TASK REQUIREMENTS
Go to the line below that has "1_CFK_floor VARCITY project.JPG", print it and each line after it exactly, and stop after the line that has "2903 Pepper Wood, Sugar"; leave out pictures.

EXERCISE DATA

+ + +

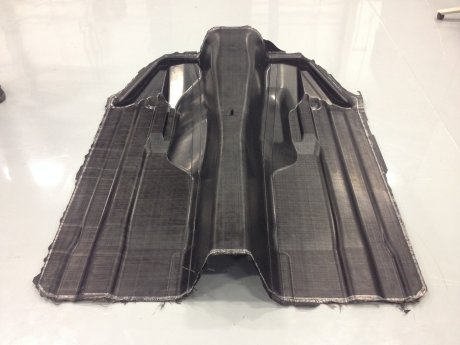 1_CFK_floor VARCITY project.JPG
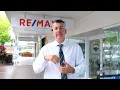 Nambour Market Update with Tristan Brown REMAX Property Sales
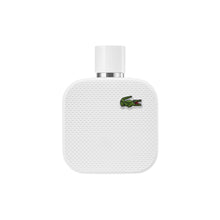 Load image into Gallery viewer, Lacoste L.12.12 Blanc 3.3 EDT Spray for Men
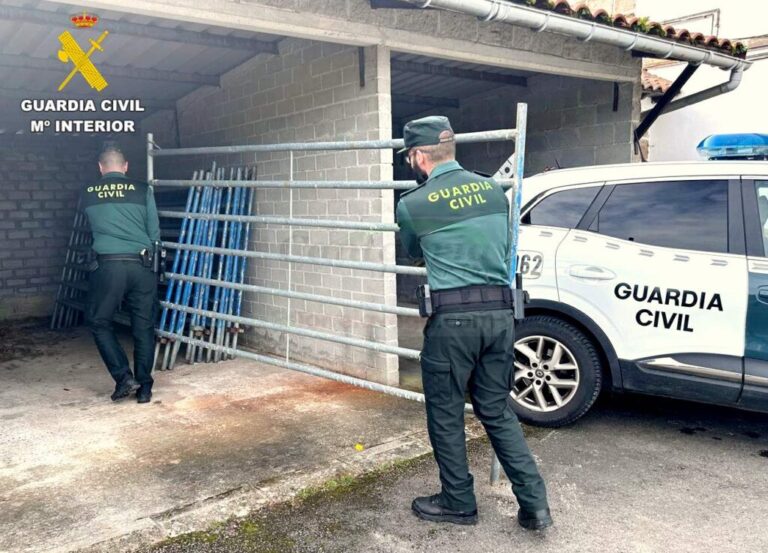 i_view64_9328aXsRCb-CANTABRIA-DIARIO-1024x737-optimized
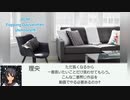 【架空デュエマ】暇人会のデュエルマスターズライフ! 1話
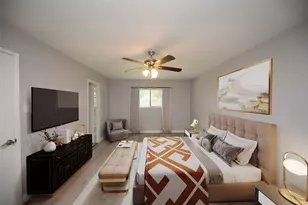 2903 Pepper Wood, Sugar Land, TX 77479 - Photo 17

+ + +

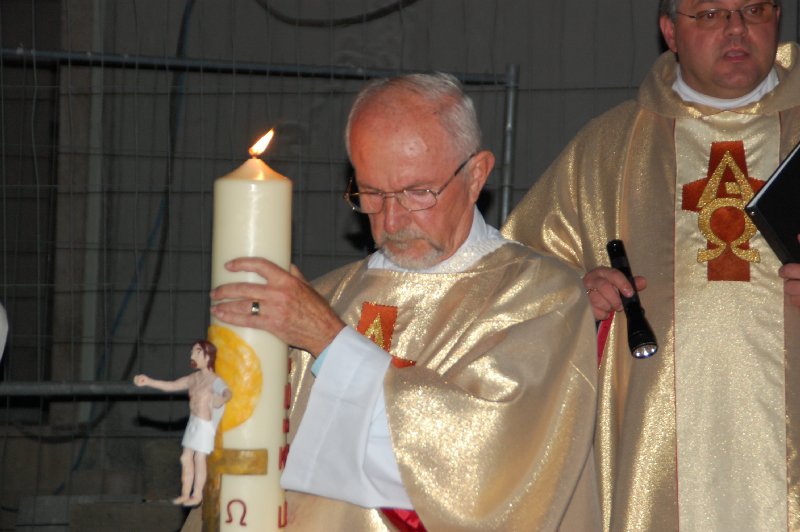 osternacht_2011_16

+ + +

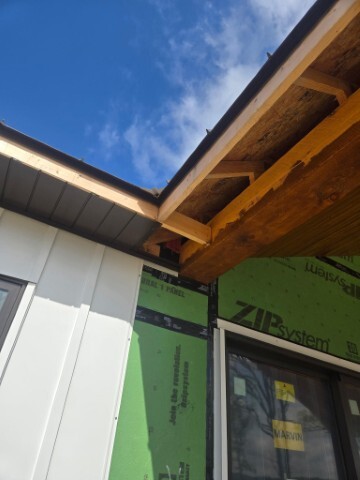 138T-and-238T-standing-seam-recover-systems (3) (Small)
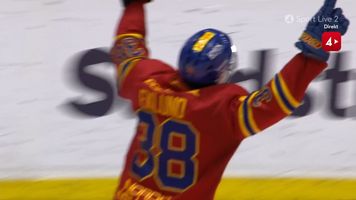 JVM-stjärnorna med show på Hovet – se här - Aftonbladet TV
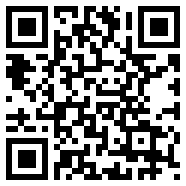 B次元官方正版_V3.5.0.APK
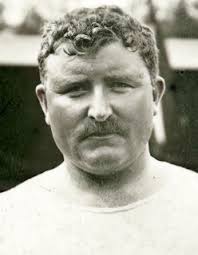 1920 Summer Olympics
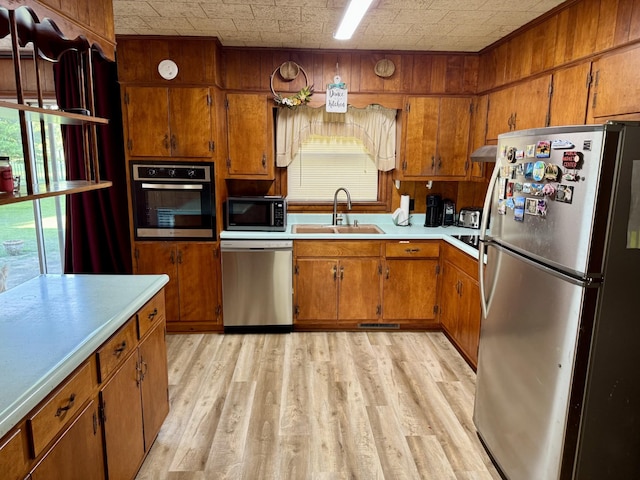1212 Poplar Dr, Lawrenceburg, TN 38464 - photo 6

+ + +

ANSWER FOR THIS EXERCISE
 1_CFK_floor VARCITY project.JPG
 Nambour Market Update with Tristan Brown REMAX Property Sales
 Load image into Gallery viewer, Lacoste L.12.12 Blanc 3.3 EDT Spray for Men
 i_view64_9328aXsRCb-CANTABRIA-DIARIO-1024x737-optimized
 【架空デュエマ】暇人会のデュエルマスターズライフ! 1話
 2903 Pepper Wood, Sugar Land, TX 77479 - Photo 17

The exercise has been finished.